**Assignment**
A verbatim copy is needed of the lines below from the one containing "21 Herdwick Street, Brampton, Ontario" up to and including the one containing "La UE pacta", excluding pictures.

**Data shown**
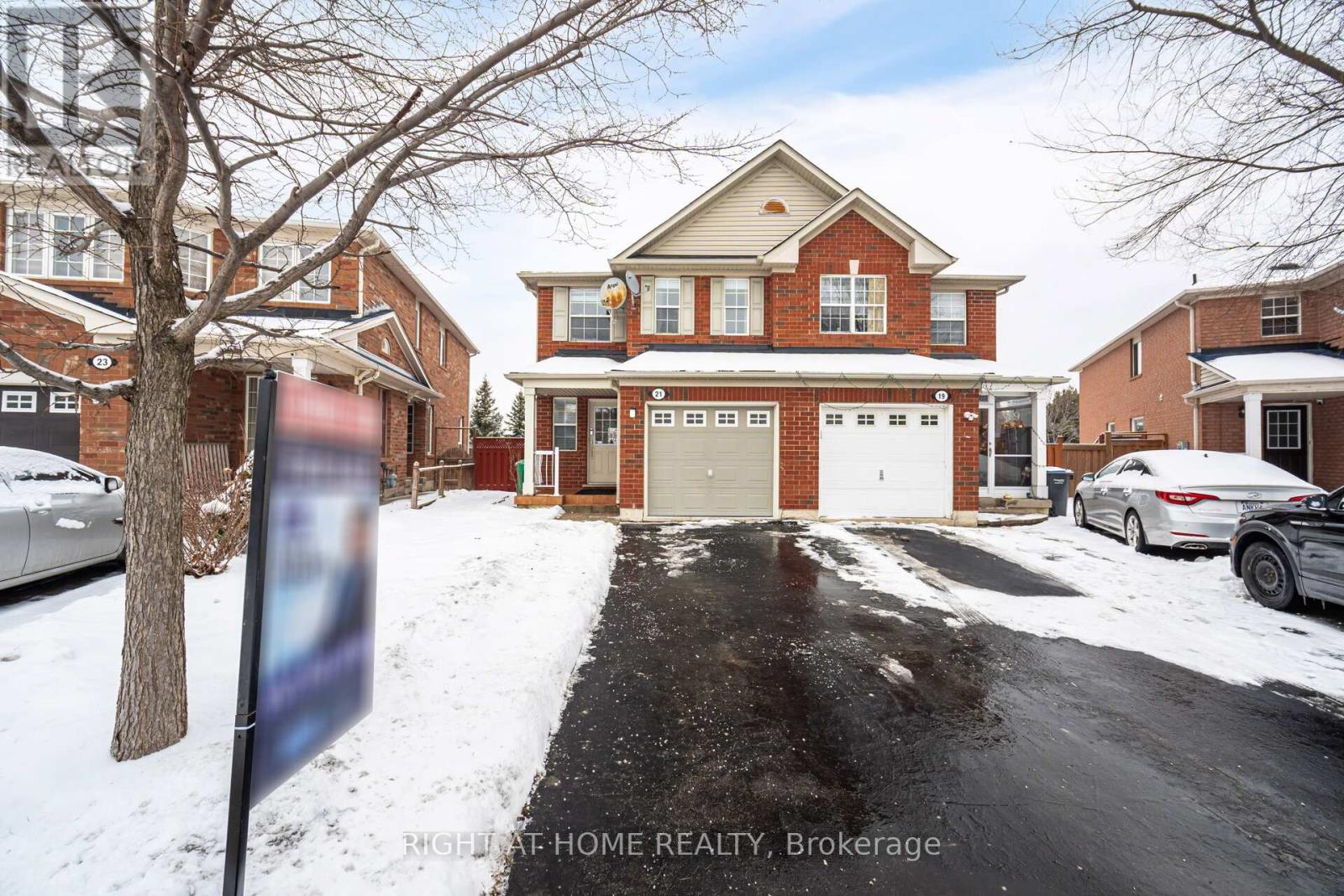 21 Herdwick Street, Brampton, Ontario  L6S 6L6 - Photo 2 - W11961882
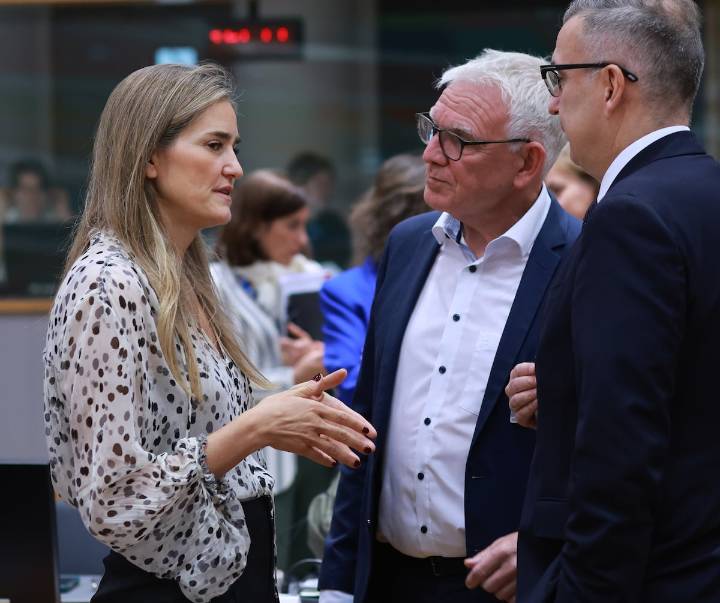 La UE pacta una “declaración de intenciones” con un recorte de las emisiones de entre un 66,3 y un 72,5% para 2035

* * *

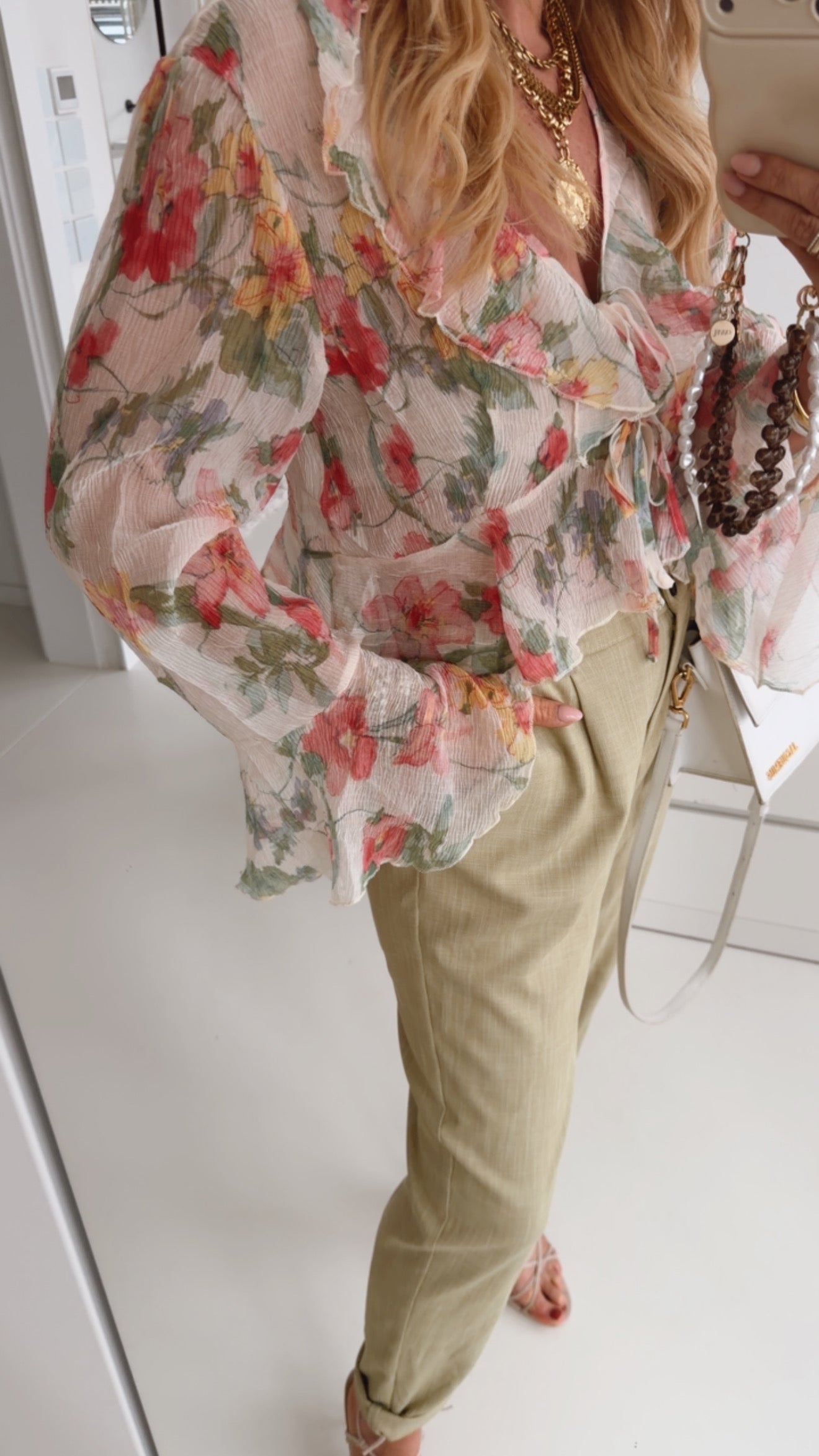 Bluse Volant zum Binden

**Written solution**
 21 Herdwick Street, Brampton, Ontario  L6S 6L6 - Photo 2 - W11961882
 La UE pacta una “declaración de intenciones” con un recorte de las emisiones de entre un 66,3 y un 72,5% para 2035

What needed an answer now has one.